Fill out our Daily Orange reader survey to make our paper better


The official language of West Virginia

West Virginia’s legislature never saw it coming.

A bill addressing the number of members a city can appoint to its board of parks and recreation seemed safe enough – so long as no one reads the fine print. Hidden in the back of the proposed bill was a separate proposal which stated that ‘English shall be the official language of the state of West Virginia.’

It’s nothing the state hasn’t seen before. In fact, efforts to make English the official language of the state have been around since the late ’90s – but nothing ever came of it until now.

So when the Senate majority whip, Billy Wayne Bailey, tacked it onto the end of another bill, it came unexpectedly.

No one read it, no one questioned it and no one quite noticed what had happened when the bill passed on a vote of 30-4: West Virginia had just passed the most frivolous law in years.



But who cares? English has been the official unofficial language of the entire country since the Declaration of Independence was written in English in 1776. Now, 229 years later, West Virginia is the only state in the union to have made it official. The federal government must never have gotten around to it.

So far, reaction to the bill has been scattered. Many call it discriminatory, claiming that since English already is the primary language – and taught in schools as if it is – to officially name it as such simply antagonizes those who don’t use it as their first language. Others, well, they simply don’t care. And they shouldn’t.
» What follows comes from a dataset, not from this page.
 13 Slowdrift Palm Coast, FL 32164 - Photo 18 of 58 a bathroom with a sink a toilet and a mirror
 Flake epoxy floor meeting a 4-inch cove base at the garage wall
It’s a ridiculous bill – it’d be like if California guaranteed sunshine to the masses. Wait, that’s actually a law, too, according to dumblaws.com, a Web site that lists the strangest and quirkiest laws found in the United States. To be fair, most of the laws on dumblaws.com are outdated. Few of them are still enforced, but were just never officially removed.

In all honesty, West Virginia’s new official language means nothing. In a few years, we’ll all look back on this and have a good laugh.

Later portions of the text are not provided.